The court heard testimony regarding mold in mother’s house and the children’s ensuing health
issues. There was further testimony regarding the condition of Parker’s home and the fact that
the children missed several medical appointments.
At the conclusion of the trial, the court reviewed the Code § 20-124.3 factors and
determined that it was in the children’s best interests to award the parents joint legal custody. It
awarded Rutledge primary physical custody of K.R., and it awarded Skelton primary physical
custody of K.S. On August 29, 2013, the trial court entered a custody and visitation order
relating to K.S. On September 4, 2013, the trial court entered a custody and visitation order
relating to K.R. On September 18, 2013, mother, by counsel, filed post-trial motions. She asked
the trial court to vacate or suspend the orders and to reconsider its ruling. On September 18,
2013, the parties appeared before the court, and the court denied the motions. On September 19,
2013, the trial court entered an order denying the motions.

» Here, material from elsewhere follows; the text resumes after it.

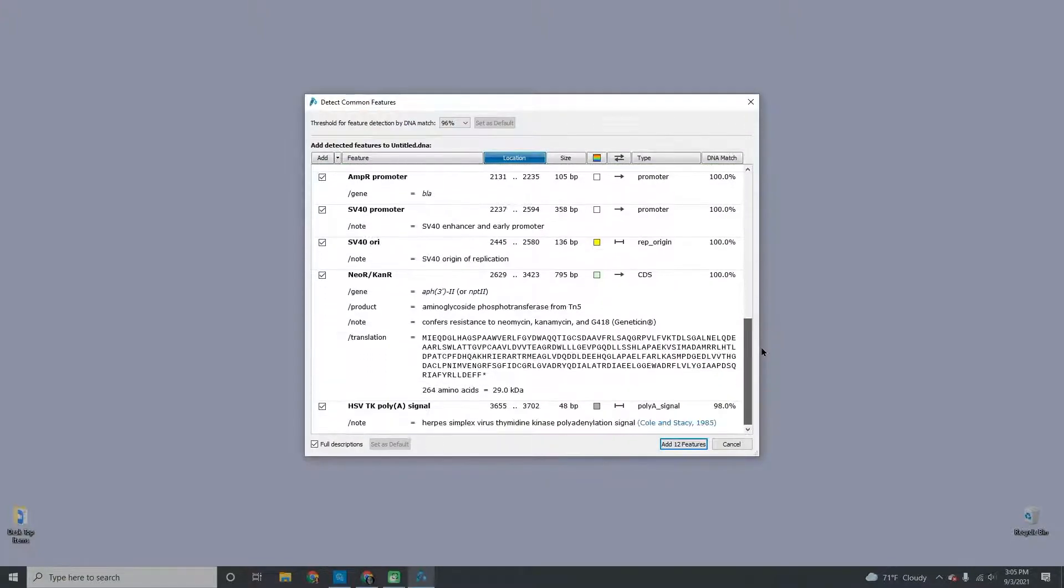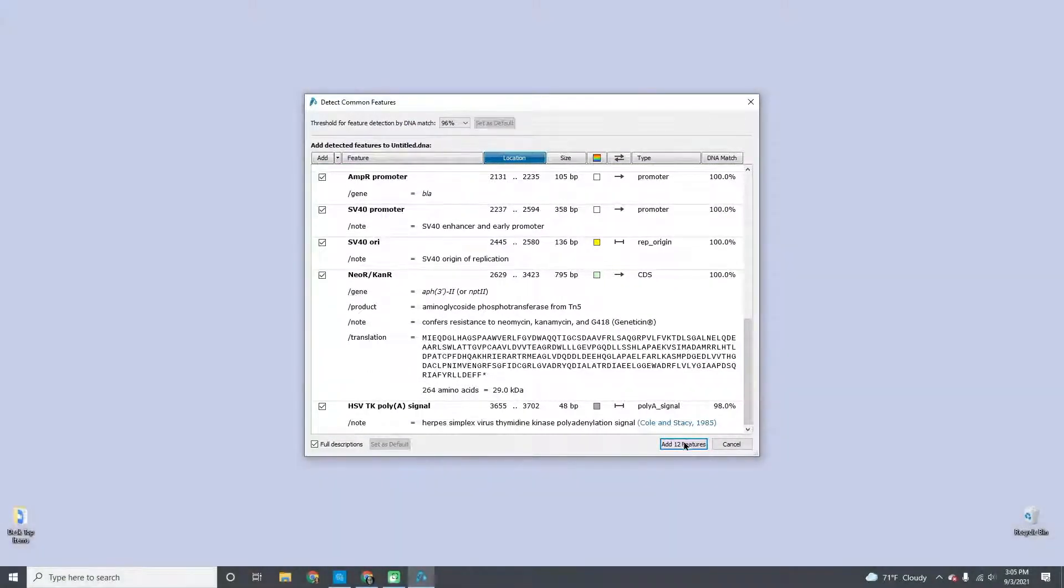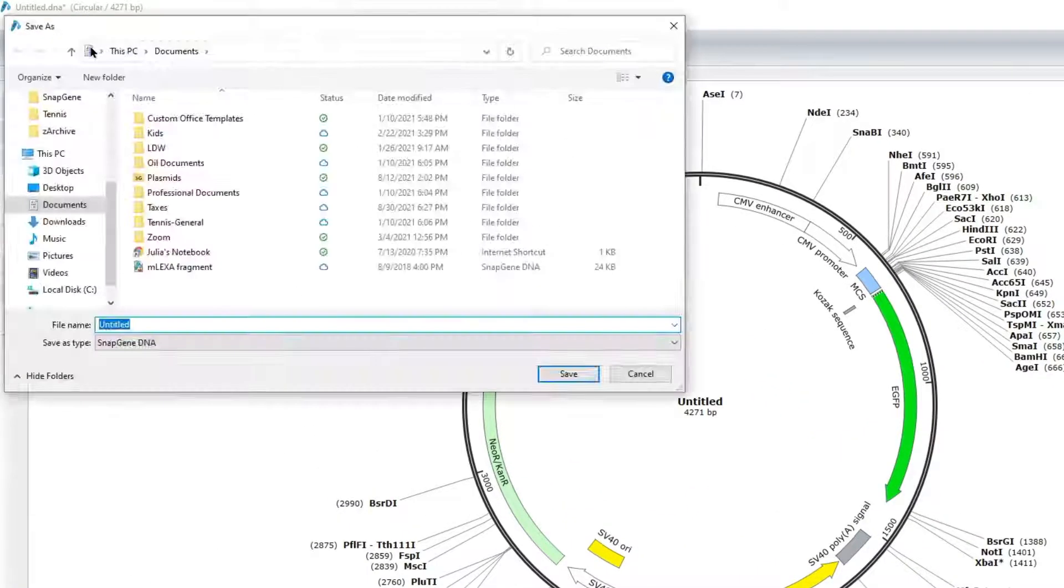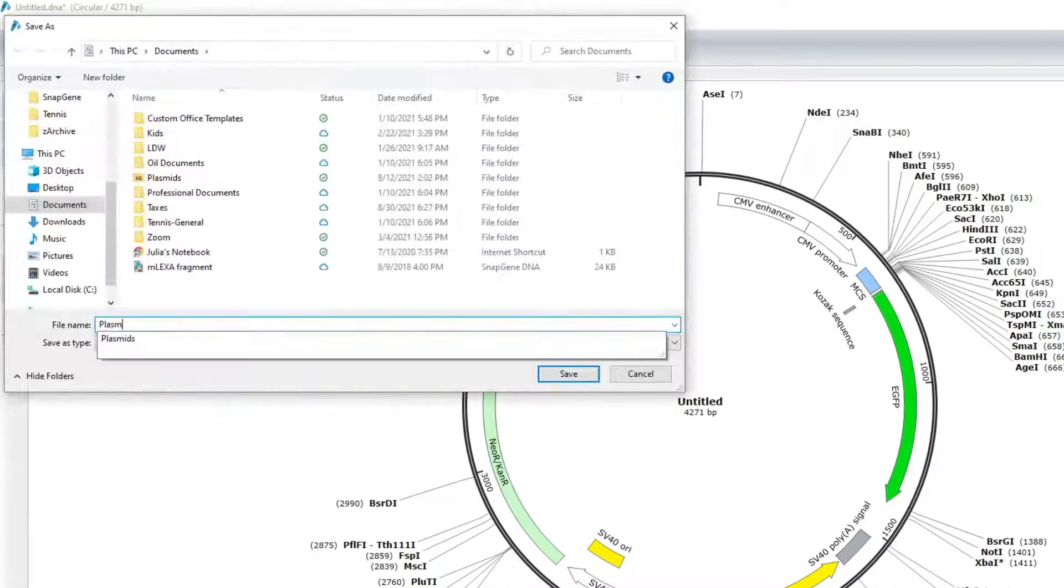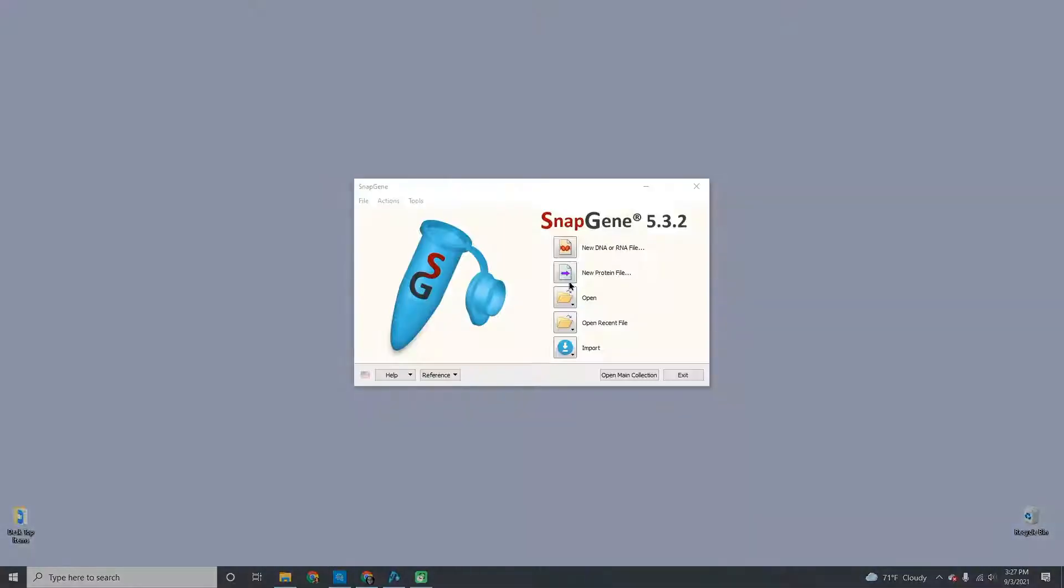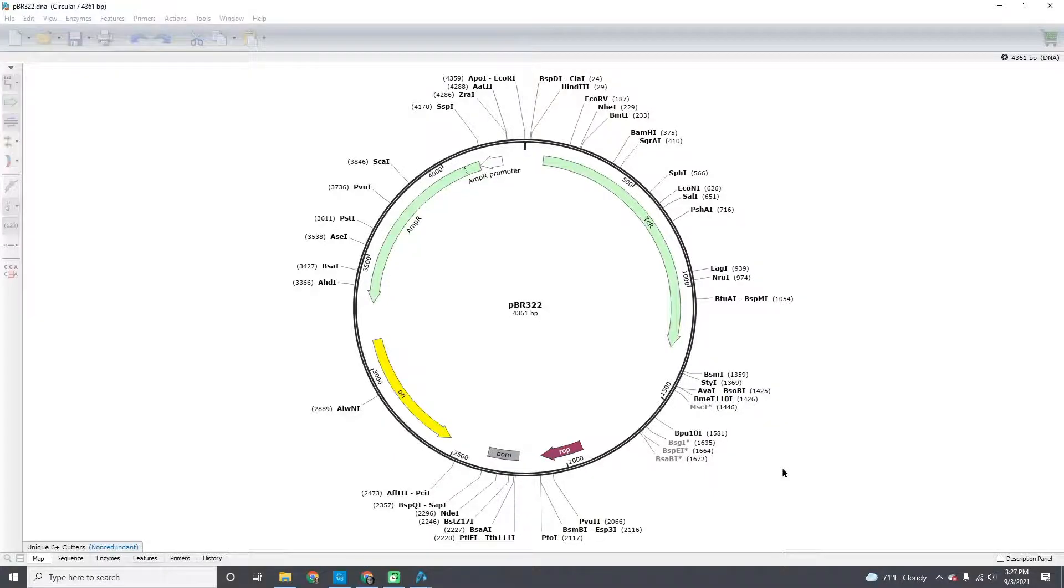Your sequence opens in the full SnapGene interface. It is easy to save your sequence the same way you would any other file. You can open existing DNA files from the launch window or directly from saved files.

These appeals followed.
ANALYSIS
Assignment of error 1 – Best interests of the children
Mother argues that the trial court erred by “giving improper weight to violations of old
court orders and an instance of ‘unclean hands’ in a pre-trial electronic mail exchange, such as to
‘punish’ a parent, rather than focus inquiry on the best interests of the children.”2 Mother
contends the trial court erred by considering two violations of the 2008 JDR order, specifically
2
In her briefs, mother states, “Moreover, in the case of the written request for
continuance, the Court’s determination deprived Parker of Due Process in violation of the Due
Process Clause of Amendment XIV to the United States Constitution, as no evidence was
presented on such matter at trial.” Mother does not expand on this statement. Since mother does
not fully develop this argument, we will not consider it. See Rule 5A:20(e).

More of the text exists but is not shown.